Is there really any reason to push D50 for anything instead of diluting it to D25 or D10?
If a patient is confirmed to be hypoglycemic, how do you know the patient has a CVA instead of the symptoms of hypoglycemia mimicing a CVA? There's a reason why some stroke scales, such as LAPHSS, are automatically negative in a hypoglycemic patient.
D50 is not "necrotic" as in necroses neural tissue one it reaches the brain if there is a bleed. D50 can cause/worsen cerebal edema, which is needless to say undesirable in any type of stroke. However, hypoglycemia should be corrected immediately.
That said, why would you be giving dextrose to a patient with a normal BGL, and why would be withholding dextrose from the hypoglycemic pt?

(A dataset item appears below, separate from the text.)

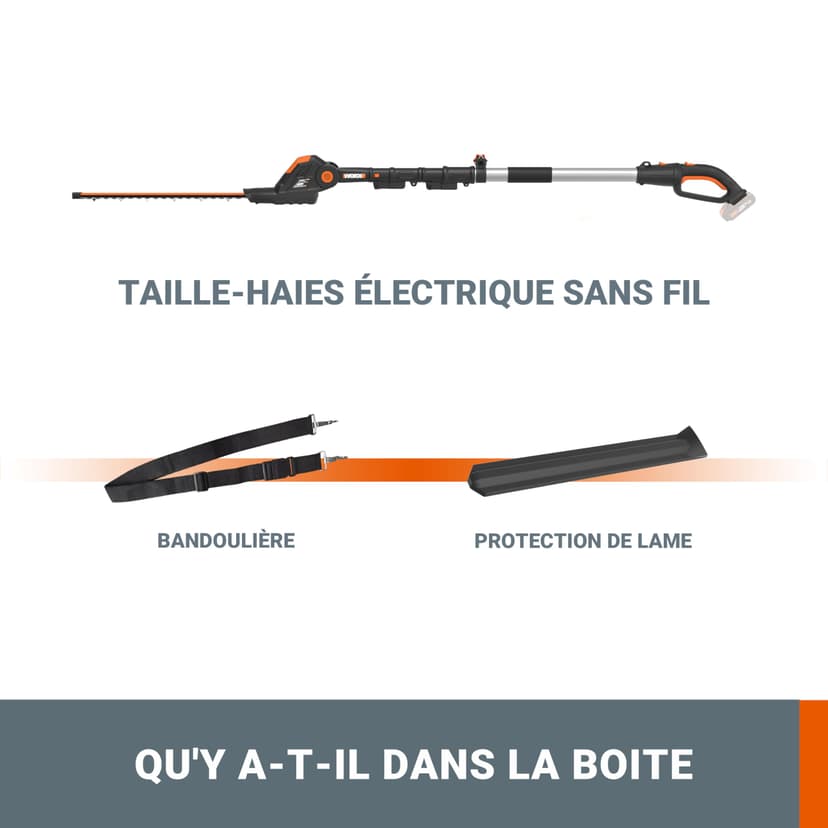 WORX Taille-Haies sans Fil sur perche 20V WG252E.9, Lame de 45 cm, écartement de 16 mm, manche télescopique, Léger et Ergonomique, Poignée Arrière Souple et Rotative, Livré sans Batterie ni Chargeur - 8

D50 is contraindicated in CVA's due to it contributing to increased swelling. The glucose molecules in high concentration pull fluid. With glucometers this shouldn't be an issue where D50 is given to a CVA. Guess its always possible to have both going on at the same time.

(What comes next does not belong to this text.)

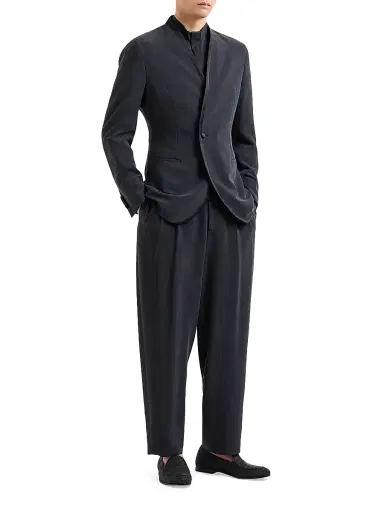 Giorgio Armani Men's Nero Collar Covered Placket Shirt - Black | Thumbnail 2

I agree with JP though... a full amp of D50 or D50 at all isn't always necessary. I had a hypoglycemic pt. the other evening with BG level of 40mg/dl, just started new oral hypoglycemic meds, and was found semi-responsive. While pushing the D50 pt. became fully conscious and alert after about 10-15mL so I did not see the need to push the full amp and really overshoot the BG level. I stopped at 25mL (half) which yielded BG of 102 and full return to baseline.